Sunday Funday started with a lovely dip in the lake and some fetch with the puppies, and ended with me on the pullout downstairs pondering my life. In between we had some girly drinks, more poutine, a wicked dance party, and some serious fun. The Galley was our destination for poutine and girly drinks, the dance party was on the boat, and the fun was all around. My hosts were gracious and accommodating, and I met some new friends as well. All in all, I couldn’t have asked for a better experience in Ontario, and I will be back for Bundy Slam ’09. Hopefully sooner.
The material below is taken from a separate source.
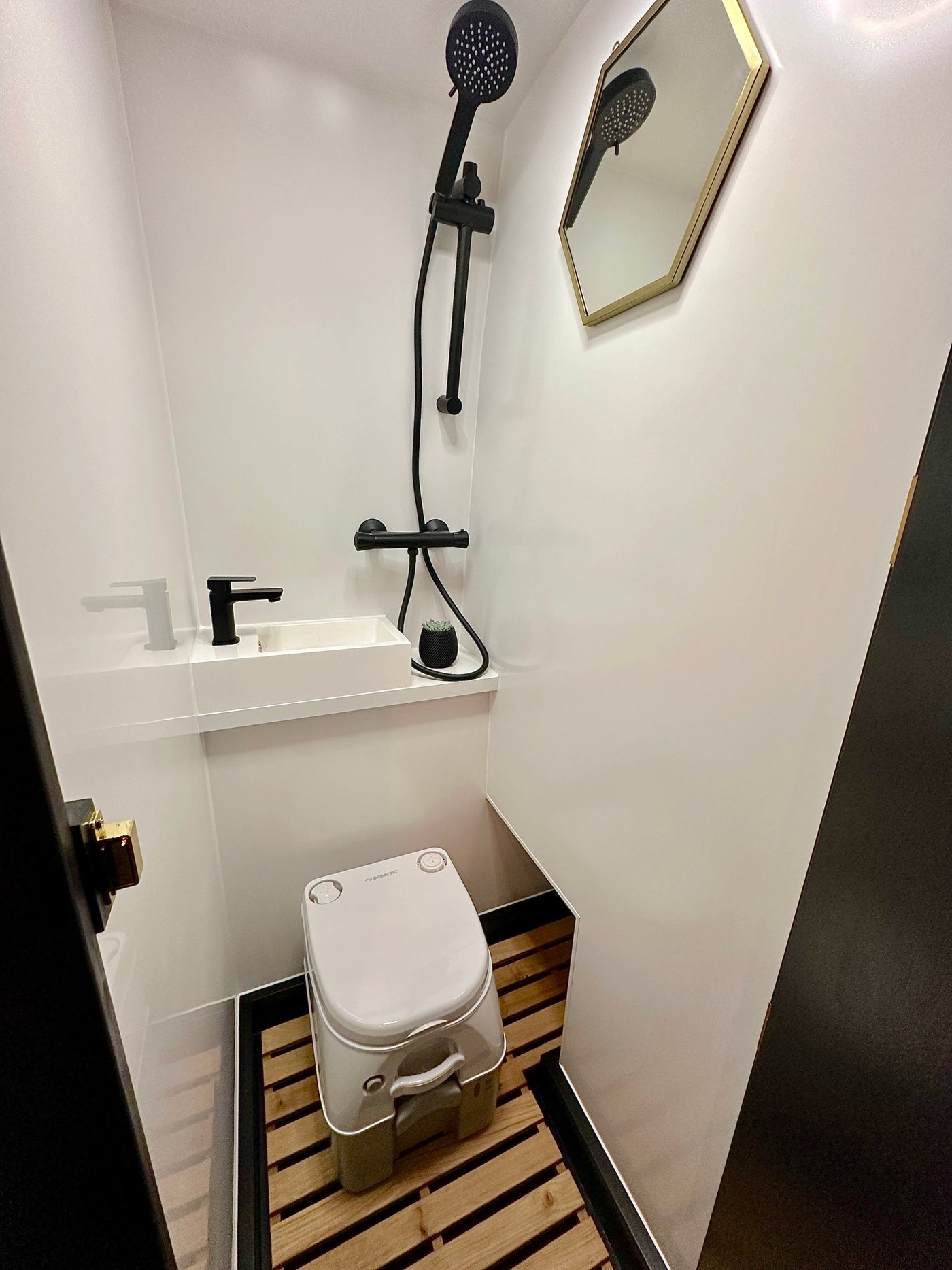 Modern RV rental bathroom with black shower, sink, Dometic toilet, wood slat floor, and hexagonal mirror. — photo 5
P.S. No podcast. I know I promised, but we were without internet and sobriety for the whole weekend. The internet went out courtesy of a lightning strike..the sobriety was just documented here. Dave will be down in September. We’ll do one then.
tweener
First off,the “hot young girl bomb/shrapnel” line killed me. I laughed liked an idiot, which is odd because I don’t usually find anything that you say the least bit amusing !!LOL
When I read of all of the drinking exploits I had an expression of sadness on my face, especially after going back over a post from a few months back where you claimed to have been on “the wagon”. “IN” the wagon, now that would have been easier to believe, (much like the mayor’s 14 year old daughter in Animal House)as I can easily envision you being carted off in that manner after one of your go’s with the suds n’stuff, vomit all over the front of your Goonblog T-shirt and yet still oddly happy ! Those poor citizens of the Great White North !! Canada may never be the same.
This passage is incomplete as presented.